The arbitrator issued a proposed award without scheduling further sessions. In his findings of fact, he noted that plaintiff had requested further sessions. But he concluded that plaintiff raised nothing new that would justify further delay. The arbitrator summarized the evidence regarding the breakdown of the marriage and concluded that both parties were at fault.
The arbitrator rendered a final, binding arbitration award in which he stated that he had considered plaintiffs concerns, but found that plaintiff failed to raise any new facts or issues. He also noted that he considered the cumulative evidence, as well as any new facts raised by both parties. The final arbitration award was substantially similar to the first award, with some revisions in response to plaintiffs concerns. As far as plaintiffs complaints about the procedure, the arbitrator commented:
The following summary, and the findings contained therein, are based on the credible testimony of the parties; the credible information contained in any exhibit; the arguments of the lawyers, and the lengthy summaries filed by both counsel.

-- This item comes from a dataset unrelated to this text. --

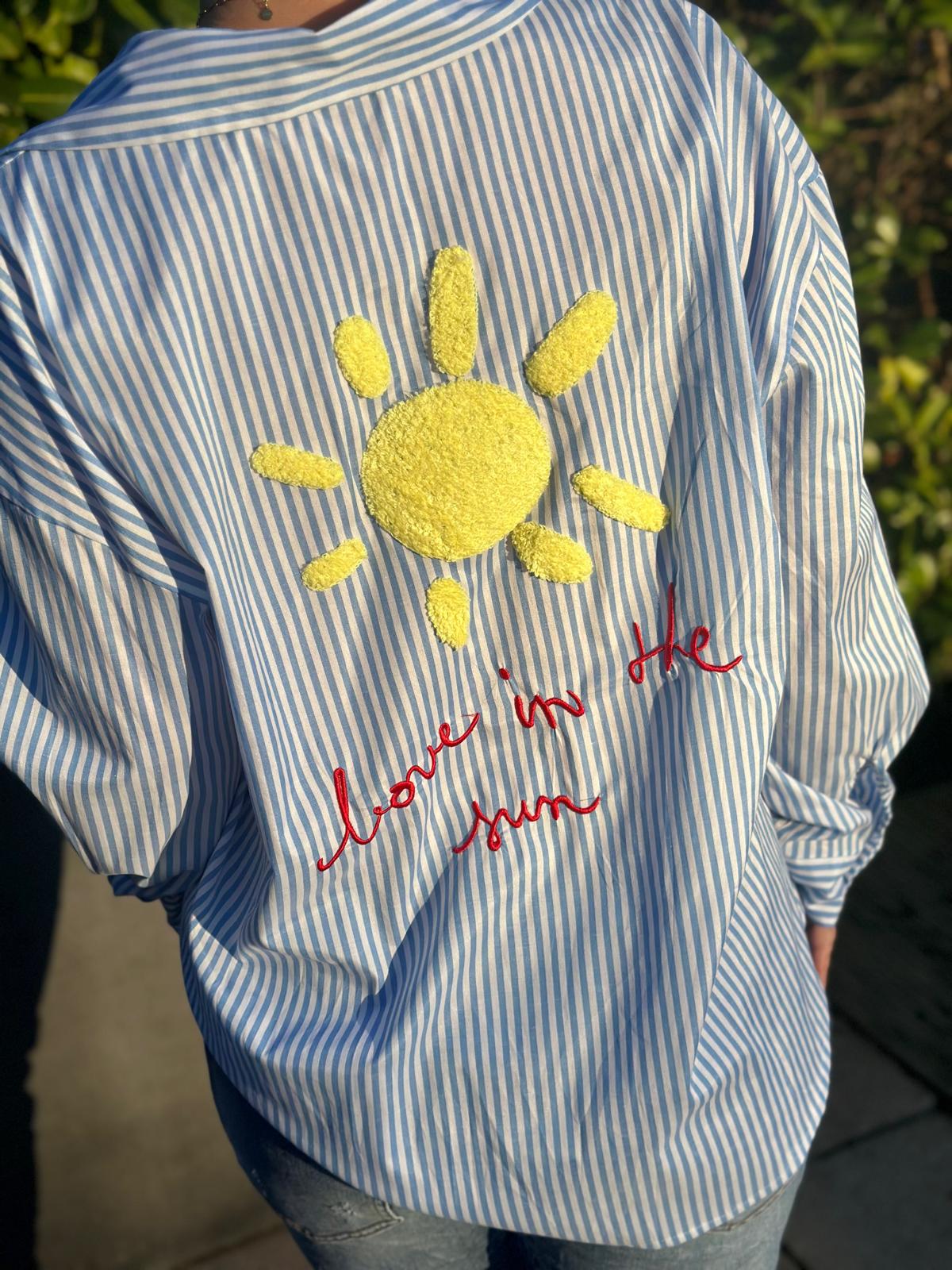 Stylische Streifenbluse "Love in the sun" in Hellblau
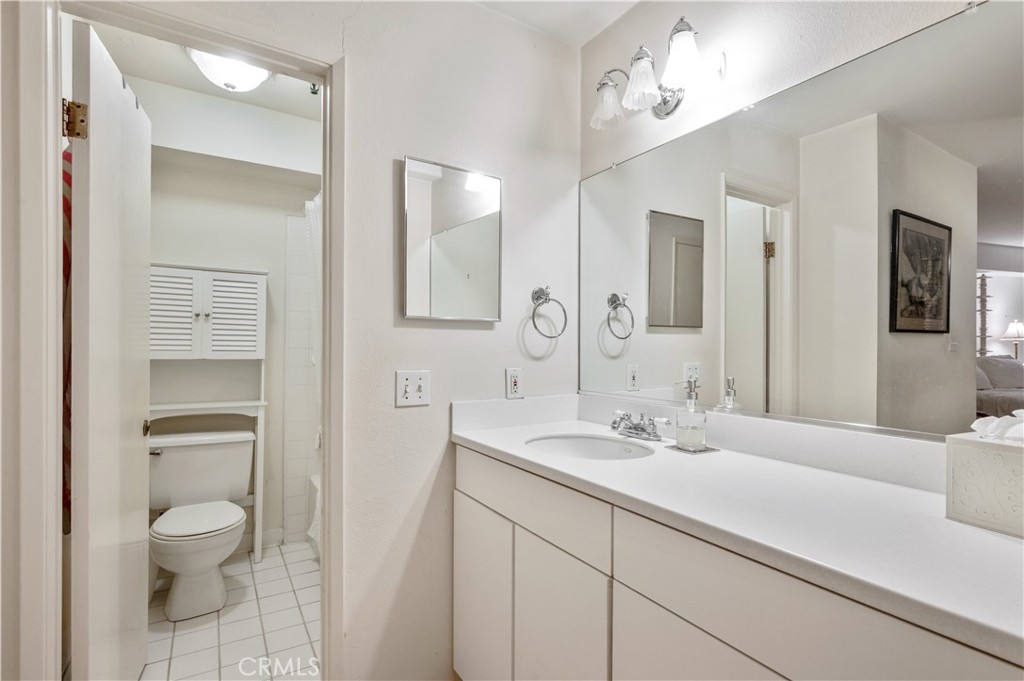 565 Esplanade 202 Property Photo 15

I have allowed both sides the opportunity to present anything further they felt was necessary to a full and complete understanding of their respective positions. Each side has submitted lengthy, additional summaries, all of which have been reviewed in detail, and against all the other evidence submitted. Plaintiff has insisted on additional “hearings”. Plaintiff claims that the Award proffered to counsel for comment, was unfair, and that an ability to “confront” the Defendant and cross examine him would effect [sic] drastically his credibility.

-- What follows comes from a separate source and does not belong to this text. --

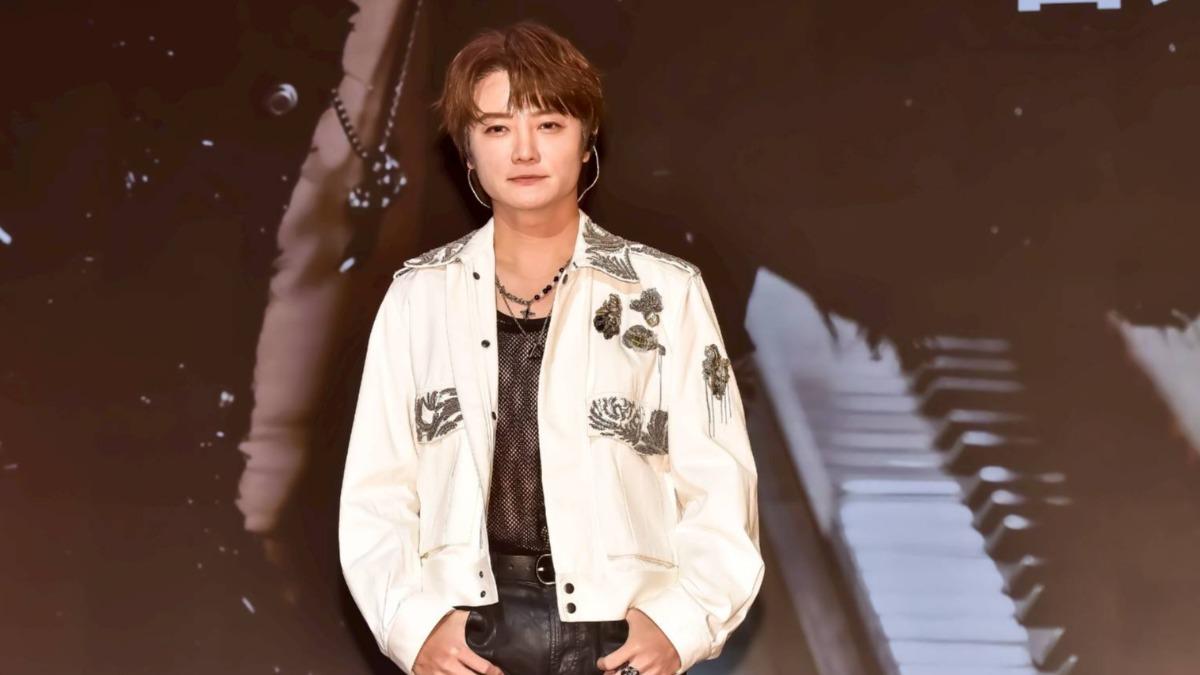 阿沁出走F.I.R!版權收入「狂吸3千萬」 合作韓國男神全說了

*521 The Arbitrator asked the plaintiff to submit a list of items that required such hearings. No list was received, but another summary was provided. The plaintiffs last summary (which was more an appeal of the proposed award) was answered by the Defendant. All of those submissions have also been carefully considered.
The defendant argues that all of the after hearing submissions of the Plaintiff are simply a rehash of old issues, and that no new issues are raised. I find that no new issues are raised. I further find that all of the topics addressed by the Plaintiff, post-hearing, were discussed on the day of the hearing I have considered the cumulative evidence, as well as any “new” facts raised by both sides.
Plaintiffs counsel takes issue with the format of the hearing, now suggesting that it should have had a more formal structure, and that the plaintiffs right of confrontation would have added another dimension to this Arbitrator’s appraisal of the case. The parties agreed to the informal nature of the hearing, and it was not until after the proposed award that any suggestion was made to testimony in a confrontational mode. [Emphasis added.] Further, had the hearing been more formal, almost none of the written evidence would have come into the record, because most of the exhibits were hearsay. [Emphasis deleted.] Much of the commentary by the lawyers was only supported by hearsay documents.
The majority further departs from existing precedent in that it finds error in the arbitrator’s findings of fact. “Claims that the arbitrator made a factual error are beyond the scope of appellate review.” Konal v Forlini, 235 Mich App 69, 75; 596 NW2d 630 (1999). In the emphasized portion of the arbitrator’s award, the arbitrator found that the parties agreed to the informal nature of the hearing. In concluding that plaintiff did not agree to this procedure and was confused by it, the majority has improperly assigned error to the arbitrator’s finding.
V CONCLUSION
I would affirm the arbitration award because there is no proper basis for vacating it: although the arbitration procedure was “informal” and “unorthodox,” DAIIE, supra at 429, there is no indication that the procedures exceeded the arbitrator’s authority or lacked impartiality. The parties were “afforded basic, protective rights, the most important of which is a full and fair hearing.” Ante at 500.